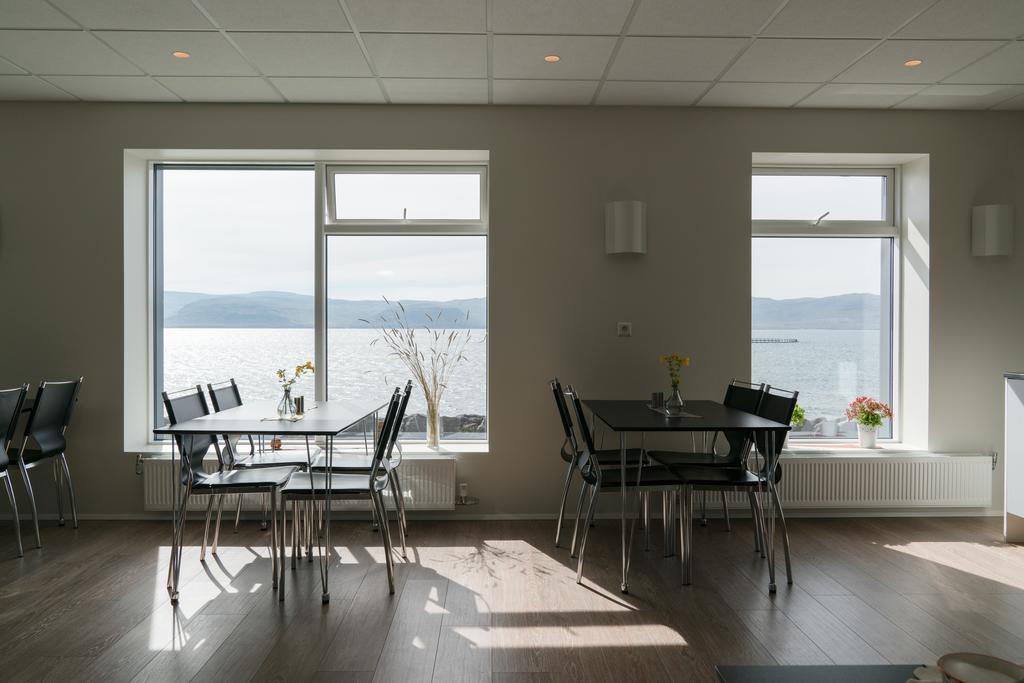 Hotel West Patreksfjordur エクステリア 写真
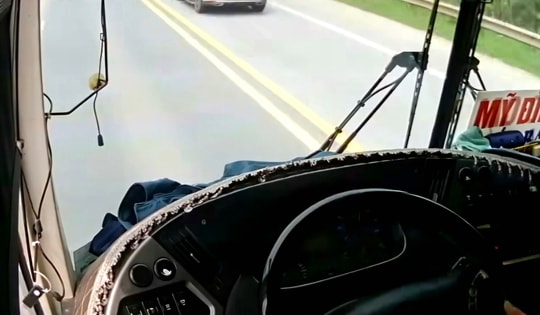 Xử phạt lái xe khách đi ngược chiều trên cao tốc 5 triệu đồng, trừ 2 điểm GPLX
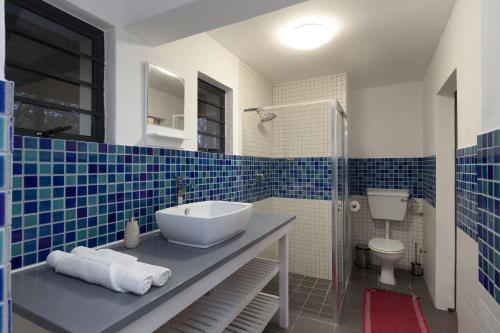 Ένα μπάνιο στο Korhaan House by Host Agents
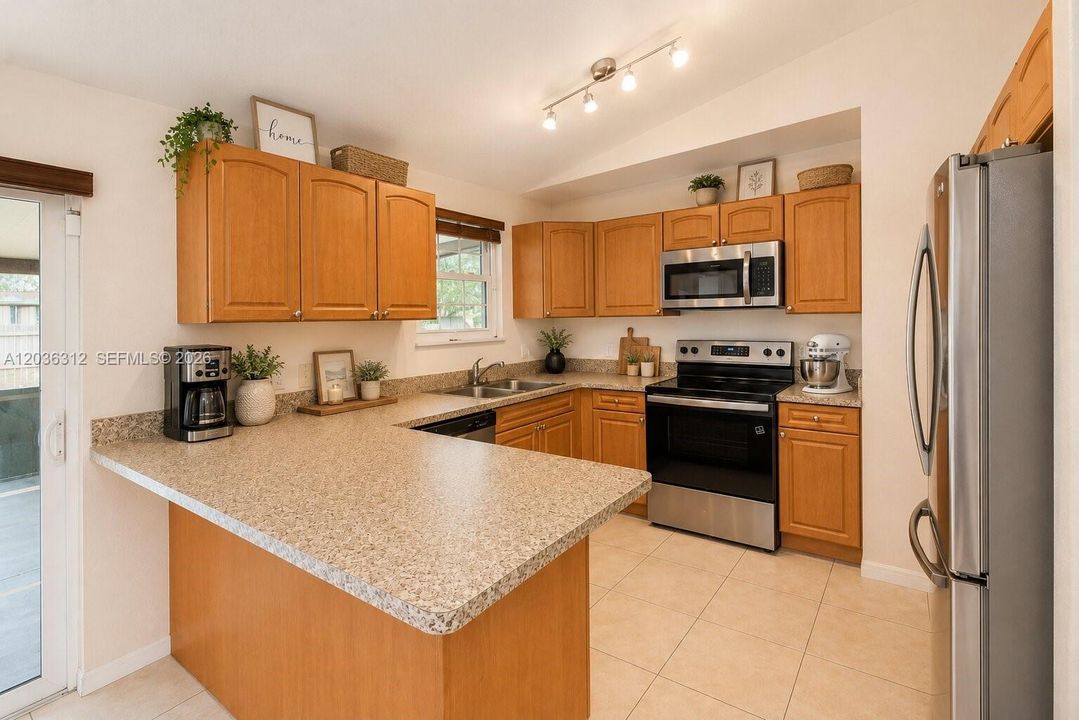 En Venta: $449,000 (3 camas, 2 baños, 1300 Pies cuadrados)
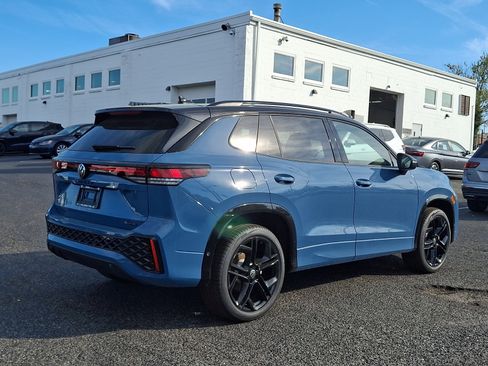 New 2026 Volkswagen Tiguan SE R-Line AWD/4WD image 4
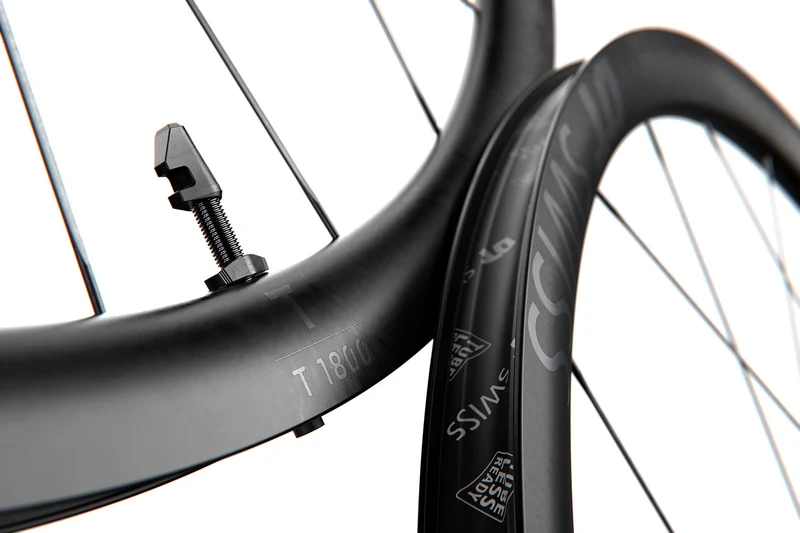 DT Swiss 28", Alu, schwarz, 10/120 mm TB bolt on HR DT Swiss T 1800 Classic 30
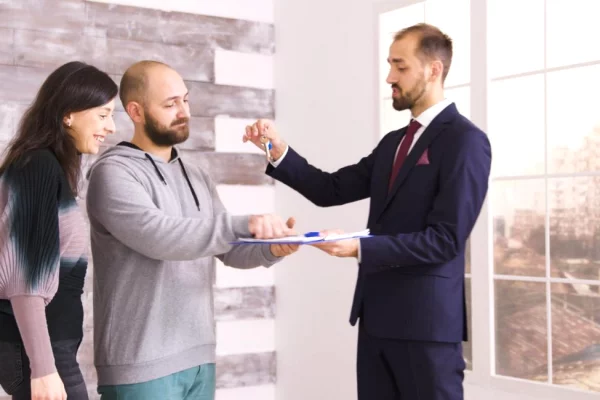 Njoftime Pune per Konsulent Imobiliar ne Tirane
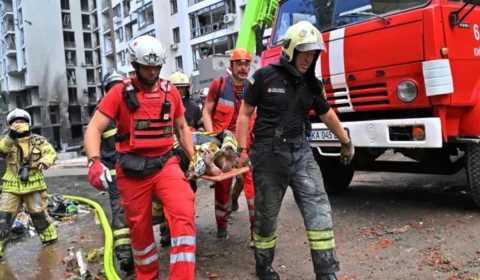 Na Ucrânia, mísseis russos matam uma pessoa e ferem cinco em Kiev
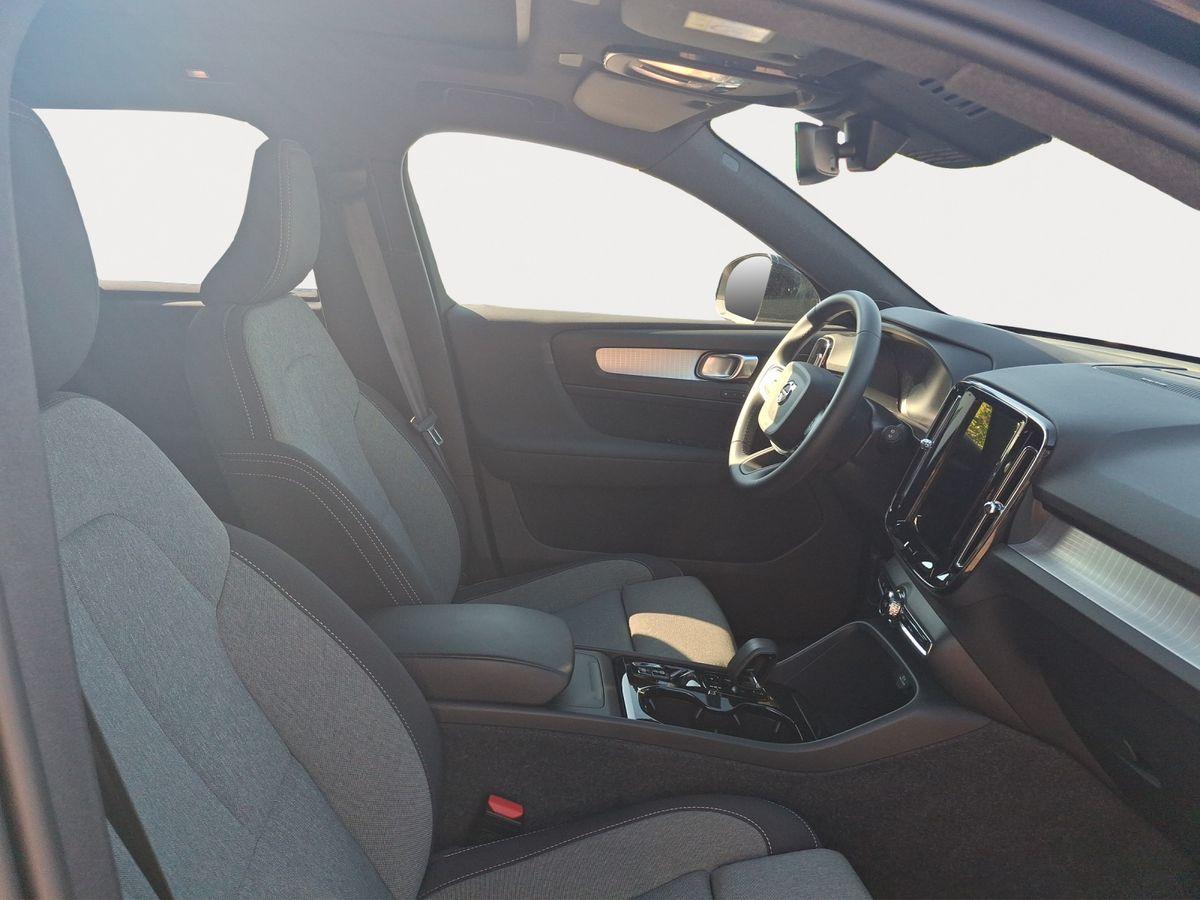 Volvo XC40 B3 Black Edition Plus 360° AHK PANO H/K LED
+ + + +
Reproduce the material exactly. Pictures stay out.

RESPONSE —
 Hotel West Patreksfjordur エクステリア 写真
 Xử phạt lái xe khách đi ngược chiều trên cao tốc 5 triệu đồng, trừ 2 điểm GPLX
 Ένα μπάνιο στο Korhaan House by Host Agents
 En Venta: $449,000 (3 camas, 2 baños, 1300 Pies cuadrados)
 New 2026 Volkswagen Tiguan SE R-Line AWD/4WD image 4
 DT Swiss 28", Alu, schwarz, 10/120 mm TB bolt on HR DT Swiss T 1800 Classic 30
 Njoftime Pune per Konsulent Imobiliar ne Tirane
 Na Ucrânia, mísseis russos matam uma pessoa e ferem cinco em Kiev
 Volvo XC40 B3 Black Edition Plus 360° AHK PANO H/K LED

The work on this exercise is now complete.